The initial pretext for this legislative initiative was to protect children from harm online – a much-needed intervention with which no reasonable person could take issue. However, the increasingly distorted nature of UK legislation means that undisciplined amendments ranging far from a statute’s declared purpose have become commonplace. From the reign of Edward III to that of Elizabeth II, it was generally the case that, if the title of a statute defined it as regulating imports, its contents would deal with that topic. Today, however, a Bill relating to white fish regulations is quite likely to be hijacked by extreme climate or abortion activists determined to intrude their preoccupations into the proposed statute.
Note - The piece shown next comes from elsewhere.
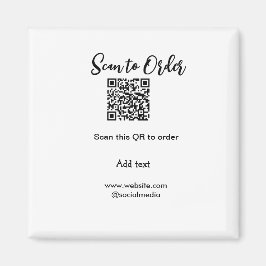 Scannen Sie QR-Code, um E-Mail der Website hinzuzu Magnet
In the case of the Online Safety Bill, the overreach has not been imposed by parliamentarians so much as by the Government. From the outset, it was a wide-ranging, incoherent mess, as ministers tried to pile everything, including the kitchen sink, into this unwieldy draft statute. There was no excuse for this. Drafting any legislation relating to children demands meticulous caution, to defend against the Law of Unintended Consequences. When child-related law also involves online technology, changing with bewildering rapidity and requiring highly specialist knowledge to legislate effectively, it is obvious that legislators must focus exclusively on the task of achieving watertight child protection.
That is what the Government ought to have concentrated on: child protection, pure and simple. Instead, it chose to attempt to tackle, within the same legislation, wider-ranging issues of Big Tech responsibilities and obligations. There is need for such legislation too, but in a discrete statute dealing comprehensively with that monolithic challenge. But where the Online Safety Bill became not only a paradigm of legislative incompetence but also a serious threat to freedom of speech was in its Draconian mandating of social media platforms to block “legal but harmful speech”.
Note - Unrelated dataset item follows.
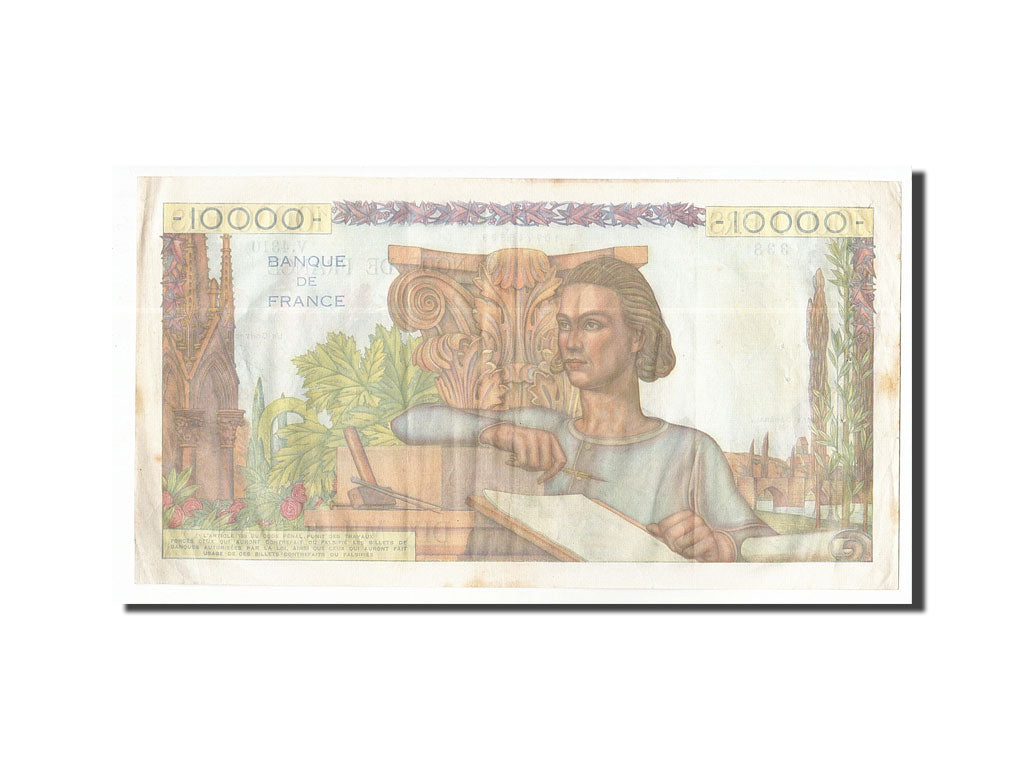 Banconote, Francia, 10,000 Francs, 10 000 F 1945-1956 ''Génie Français''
This was the translation onto the internet of our politicised police forces’ pursuit of “non-crime hate incidents”. Nobody suggests a crime has been committed, but the police harass their victims as if it had. The thinking clearly is: “Unfortunately, this is not a crime – yet – but our woke prejudices motivate us to investigate and log it as if it were.” Transferred online, it would impose an obligation on social media platforms – one of which has already cancelled a president of the United States – to censor non-woke content.
We may be sure those platforms would joyously embrace such an obligation. The catch-all label “legal but harmful” would enable them to close down virtually all conservative content online, while pleading the legal obligation to do so, much as politicians used to justify every oppressive aggression against our liberties or interests as being required for compliance with EU regulations. In its original incarnation, the Online Safety Bill was the biggest and most far-reaching encroachment upon freedom of expression in the Western world.
Last June, the IEA published a briefing paper by Matthew Lesh and Victoria Hewson, entitled “An Unsafe Bill: How the Online Safety Bill threatens free speech, innovation and privacy”. The title is a reminder that the Bill also represents a threat to innovation, potentially hobbling Britain competitively. But the threat to free speech is the most reprehensible feature of this legislation. The authors pointed out that the Bill’s impact assessment “refers to the reduction in ‘harmful content such as misinformation’ as a benefit of the legislation, confirming the intention to control speech that the government considers legal but harmful”.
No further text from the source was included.